Cuando apareció por la esquina de la última casa y se coló por los arboles del césped, él la buscó con la mirada entre la gente de la piscina, y la vio sentada, con las cartas en la mano, regalando risas de complicidad a personas que él no conocía. Se quedó parado observándola como un monigote, ahí parado sin pensar nada. Ella le vio con un golpe de vista, como quien se fija sin querer, y se le paró el corazón, junto a eso el mundo dejó de girar por un segundo. Se detuvo todo. Se levantó de un plumazo, e intentando disimular su torpeza.
No le esperaba tan pronto. Se deleitó con su figura, con su pelo desaliñado, y sus maletas en la mano.
Sintió vergüenza de estar sin arreglar. Había pensado en todo cuando él llegase, que vestido se pondría, que le enseñaría de si misma, y de su mundo.
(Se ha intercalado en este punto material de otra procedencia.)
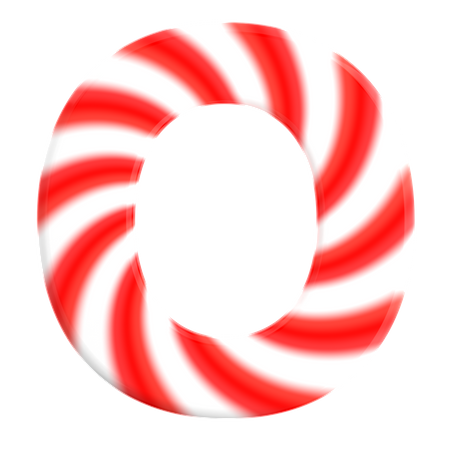 Letter O  3D Icon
Pero todo dio igual.
Cuando se terminó de dar cuenta, ya estaba andando hacía a él, y cuando te tuvo cerca, con los ojos entrelazados, no le salieron las palabras. Con sus manos se terció que estaba allí con ella, rozando con sus manos la barba de tres días, y con el beso en la mejilla susurró: "ya pensaba que no venías, me tenías a escondidas, sin aliento, y echándote de menos". Él soltó la maleta y la besó muy suavemente, hasta que creciendo el beso, les miró la gente. Se apoyaron en el árbol más cercano, hasta cansarse de decirse hola, sin mediar palabra. Luego se fueron directos a la cama.